Page MenuHomePhabricator

Improve categorisation for languages that do not have ISO 639-3 code
Open, Needs TriagePublic

Description

For recording in languages that do not have any ISO 639-3 code, categorisation has to be improved. Currently it can be "Category:Lingua Libre pronunciation-pas applicable" (https://commons.wikimedia.org/wiki/File:LL-Q942602-Davidgrosclaude-capleugi%C3%A8r.wav) or Category:Lingua Libre pronunciation-other (https://commons.wikimedia.org/wiki/File:LL-Q36759-Assassas77-%E5%8D%B5.wav).

For these languages, an idea would be to use category like "Category:Lingua Libre pronunciation-XXX" where XXX is the name of the language in English.

In addition, Lingua Libre should check if several languages that do not ISO 639-3 code have the same name, the category should include the name of the country (it is stored in the Wikidata item of the language).
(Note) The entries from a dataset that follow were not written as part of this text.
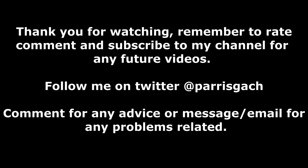Thank you for watching. Remember to rate, comment, and subscribe to my channel for any future videos. Follow me on Twitter at Paris Gash, comment for any advice or message, email for any problems. Thank you.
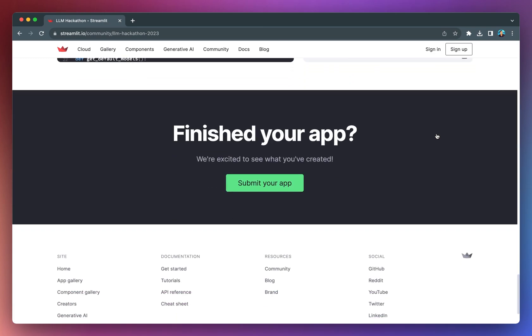When you're done with your app creation, don't forget to submit it and be a part of this incredible LLM hackathon journey. So mark your calendars, you have from September 5th until the 19th to take part in the Streamlit LLM hackathon. It's your chance to shine, collaborate, and make a real impact using LLM technology. I'll also be one of the judges, and I can't wait to see what you create. Until next time, happy hackathoning.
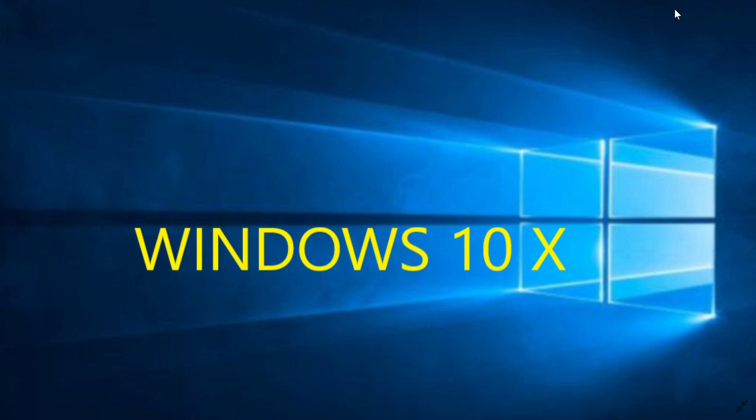Windows 10X is running on that device on an Intel chip yet with containers. What does that mean? Each app, each Win32 app that you will want to use will run in its own little container so it's a very different thing than Windows 10 regular version. Windows 10X will not be available to anything else than devices that have dual screens or foldable devices, stuff like that. It's not going to be downloadable or installable on a regular laptop or desktop.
Thus, it would be "Category:Lingua Libre pronunciation-XXX (YYY)" with XXX the language name in English and YYY the name of the country in English.

Event Timeline

Pamputt created this task.Nov 3 2018, 10:25 AM
Yug added a subscriber: Yug.
Yug removed 0x010C as the assignee of this task.EditedDec 23 2018, 7:59 PM
Yug added a subscriber: 0x010C.

Note: 0x10C started to use the iso code 639-3 mis in the page https://lingualibre.fr/datasets/.
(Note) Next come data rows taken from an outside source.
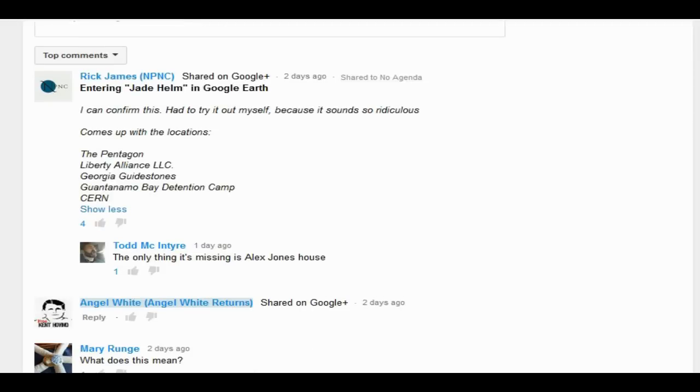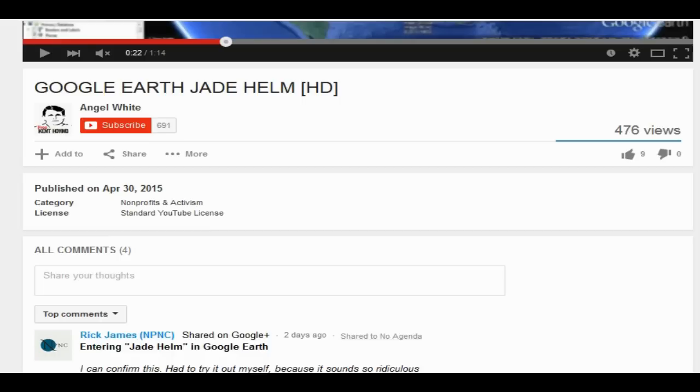So he entered, he or she I'm not sure, entered Jade Helm into Google Earth and that's what it comes up with. The locations: the Pentagon, Liberty Alliance LLC, the Georgia Guidestones, Guantanamo Bay, and CERN. That's crazy.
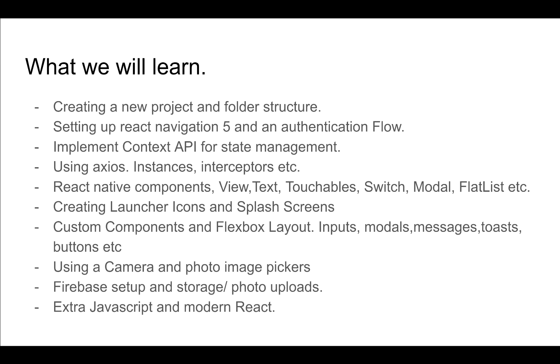We'll be exploring React Native components, the components that come out of the box in React Native. We don't have many, but we'll be looking at the ones that are available and how to use them to create custom ones that we'll be using to build our sample app.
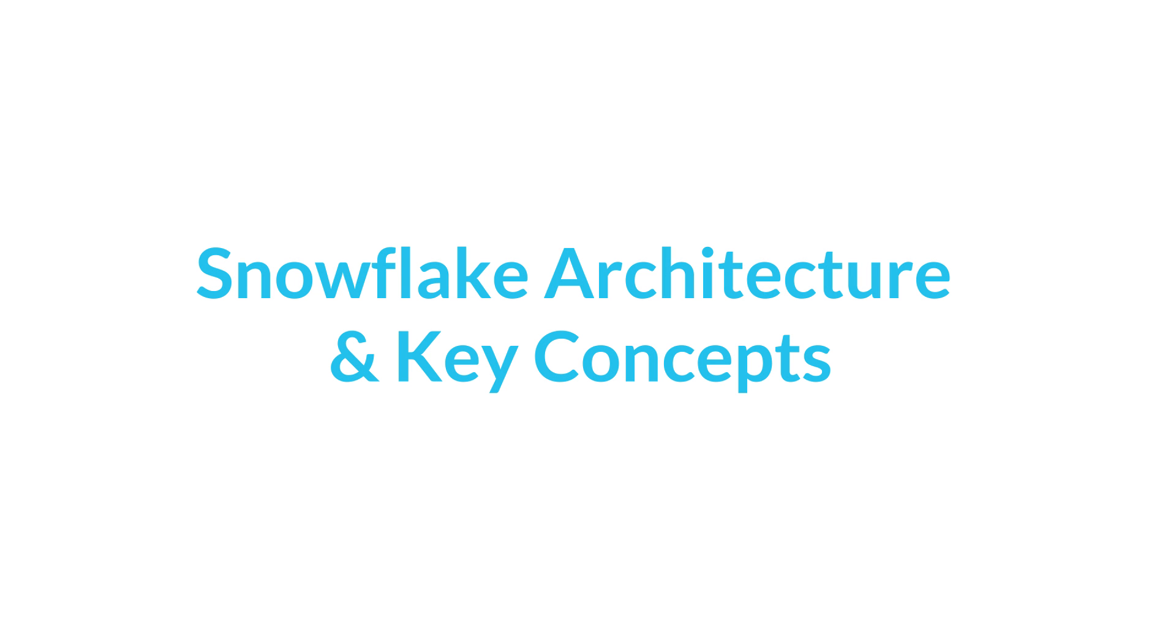Welcome to Snowflake. This video introduces the architecture and key concepts of the Snowflake Cloud Data Warehouse.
mis (originally an abbreviation for 'miscellaneous') is intended for languages which have not (yet) been included in the ISO standard.
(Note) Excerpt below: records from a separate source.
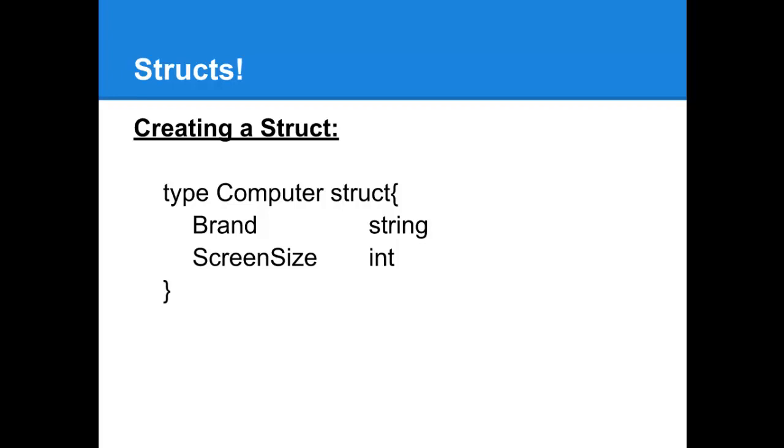You start with the word type and then you put the name you want to use for the data type, in this case Computer, and then you say struct, do the open bracket, close bracket, and in between each line is defining the name of a field and what type of field it is. So in this case there's a field called Brand which is a string and a field called ScreenSize which is an integer.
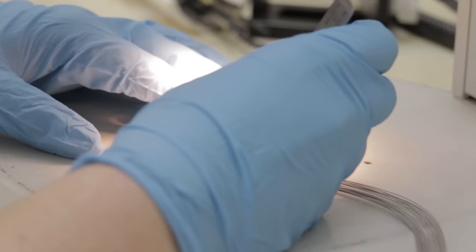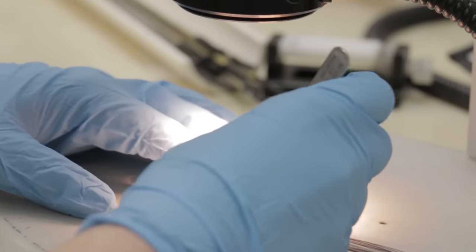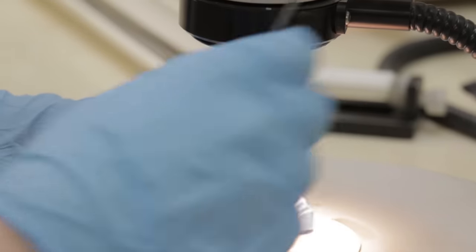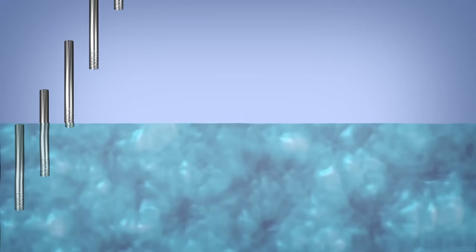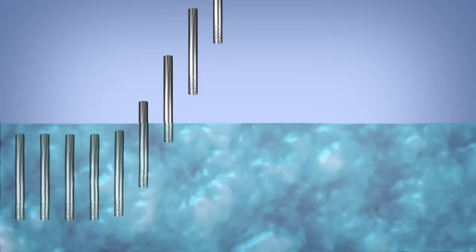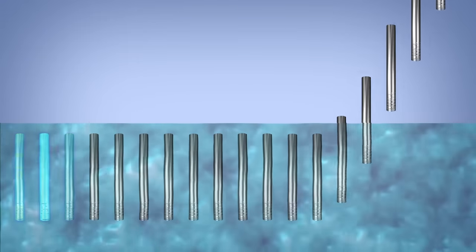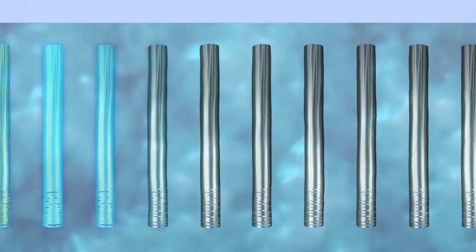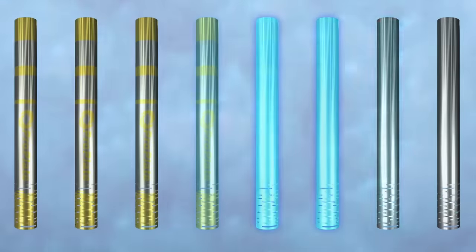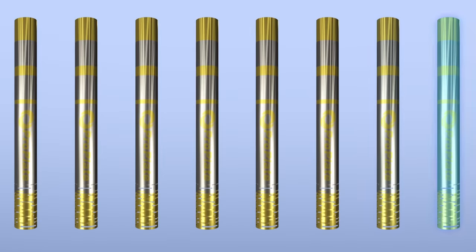Whereas traditional machined marker bands are laboriously installed by crimping individually, Visiband markers are coated and can be accomplished in high volumes simultaneously for maximum efficiency.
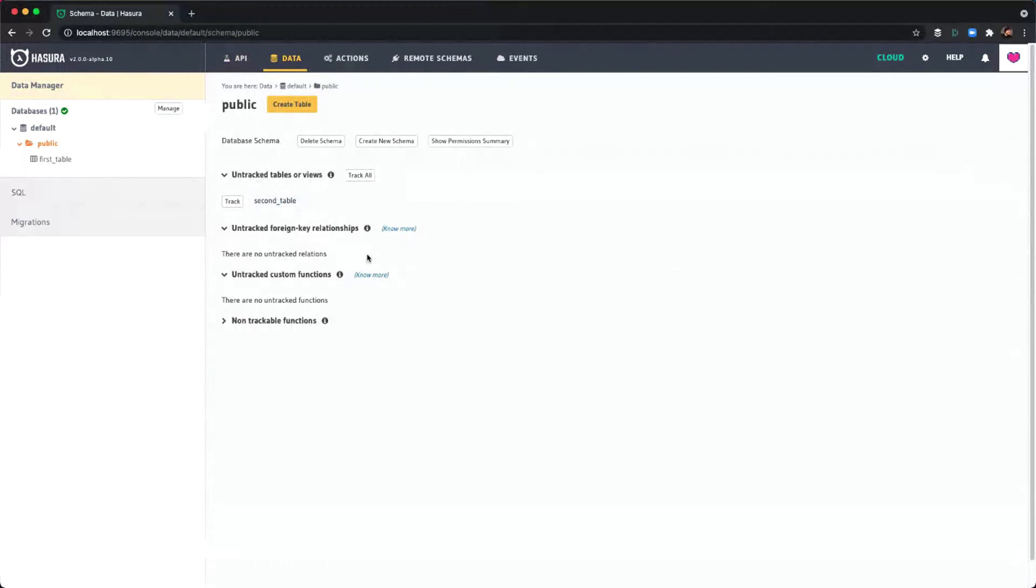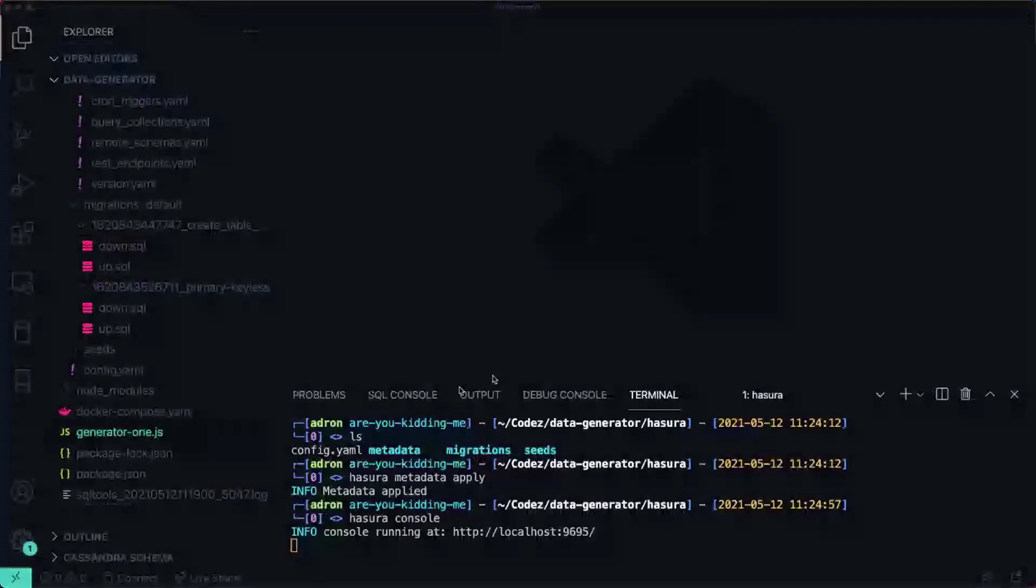And you can do that with the other things too, like with the foreign key relationships, custom functions, etc. But do be careful in metadata, you might tweak something that then misreads or whatnot. But everything is in those files for the metadata for the API server. So if there's anything that you don't actually want in there, then you can just delete it from those files and reapply it via Hasura metadata apply and boom, everything's cleaned up.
See https://en.wikipedia.org/wiki/ISO_639-3#Non-language_codes :

Given the filenames themselves with start with the language specific LinguaLibre qid, we could indeed categorize all these audio in Category:Lingua Libre pronunciation-mis : )

Sascha added a subscriber: Sascha.Jan 11 2019, 10:53 AM

Have you considered using IETF BCP 47 language tags instead of ISO 639-3? Every language with an ISO code also has an IETF code (usually the same, since IETF draws in ISO 639 among others). But other than ISO 639, you can do finer-grained distinctions with IETF tags. That’s why all the internet standards (such as HTTP, HTML, XML) use IETF BCP 47 instead of ISO 639. For example, Brazilian Portuguese, Sursilvan and Zürich German have IETF language tags but no ISO code. If LinguaLibre is asked to support languages without an IETF code, you can request the addition of a language tag.

Sascha added a subscriber: GerardM.Jan 11 2019, 8:45 PM

For languages that have no language code yet, perhaps Lingua Libre could use “mis-x-Q12345” (where Q12345 would be the Wikidata item for the language of the pronunciation audio). That would be a syntactically valid IETF BCP 47 tag, and you wouldn’t lump unrelated languages into the same category. Once the language does get a code, some bot could change the categories of uploaded files on Wikimedia Commons. @GerardM, what do you think?

What have iso codes with Commons categorisation to do? ie a non-issue as far as I am concerned

This approach seems interesting. But if we decide to change the categorisation that way, we should start using BCP47 tags instead the ISO-639-3 language code everywhere else for consistency. As it will be a major change, I'll make a RfC on LinguaLibre, to be sure there is no opposition.